The Hiding Place

Full disclosure: I received a copy of this book from Penguin Random House Canada in exchange for an honest review.

You know how there are certain times of year that have piles and piles of new thrillers ready for you to read? This is definitely one of those times of year as people get ready to escape chillier climes for sunshine and beach reading.

C.J. Tudor’s new book, The Hiding Place, is definitely a great book for reading poolside. This isn’t to be confused with Corrie Ten Boom’s The Hiding Place which is about something very, very different.

hiding place

Joe Thorne has come home, a place he never thought he’d willingly come back to. Arnhill is a little village in the north of England, marked by the rise and fall of the coal mine.

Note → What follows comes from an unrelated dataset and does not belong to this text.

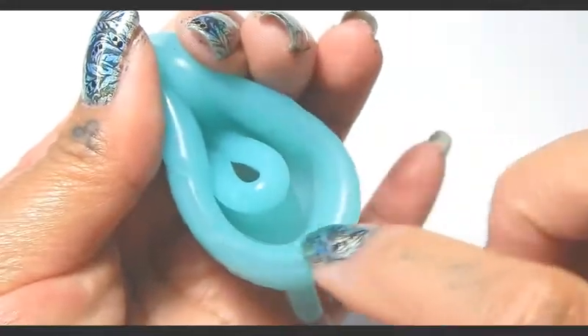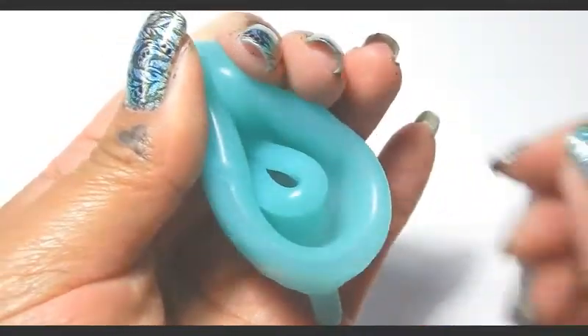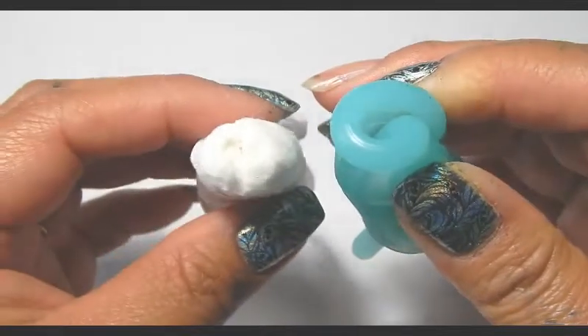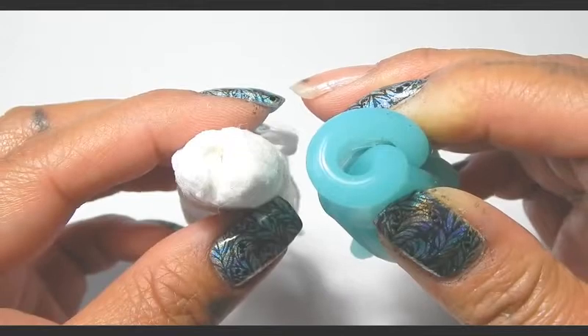So now you have this ring and this ring. Here is the point that would be inserted, and here it is against a super plus tampon for size comparison.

The cottage that Joe rents was the sight of a horrific murder suicide; a teacher at the school killed her son and then herself. Joe isn’t bothered by living in the same place that was so recently the sight of so much horror – he’s here to keep an eye on a friend from the past, to make sure that something that happened years ago isn’t happening again.

If you read Tudor’s previous novel, The Chalk Man, this one might feel familiar. Both feature rather unlikable middle-aged men who were a part of a particular kind of friend group in their youth, trying to piece together what happened years ago and what relevance, if any, they have to what’s going on in the present day.

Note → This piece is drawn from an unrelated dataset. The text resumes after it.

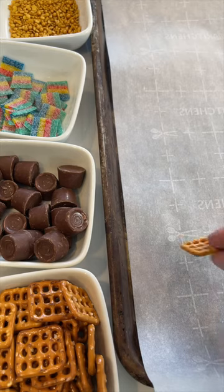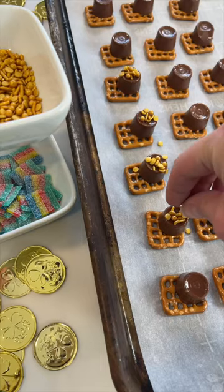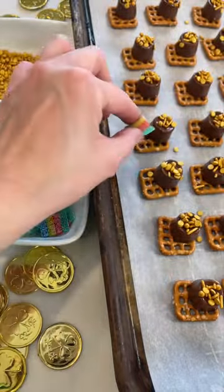Start with a baking sheet lined with parchment paper. Arrange your pretzels with a Rollo on top. Place in the oven just until softened. Add some gold sprinkles and a candy rainbow. So cute.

But The Hiding Place has a creeping element of horror that was unexpected. Horror is not a genre I ever read but I was surprised to find that I enjoyed it, probably because it was done with a light touch. I thought that I knew how the story was going to end and I definitely guessed part of it, but Tudor did a better job than I realized of obfuscating the mystery.

I’m trying to find more to write about this book but I’m struggling. I liked it, I enjoyed reading it, I’ll probably pass it along to friends who I think would enjoy it. But it’s not the kind of book the benefits from a whole lot of dissection. Some books are just meant to be enjoyed on a beach, or a plane, by a pool, or apres ski. The Hiding Place wouldn’t be out of place in any of those spots.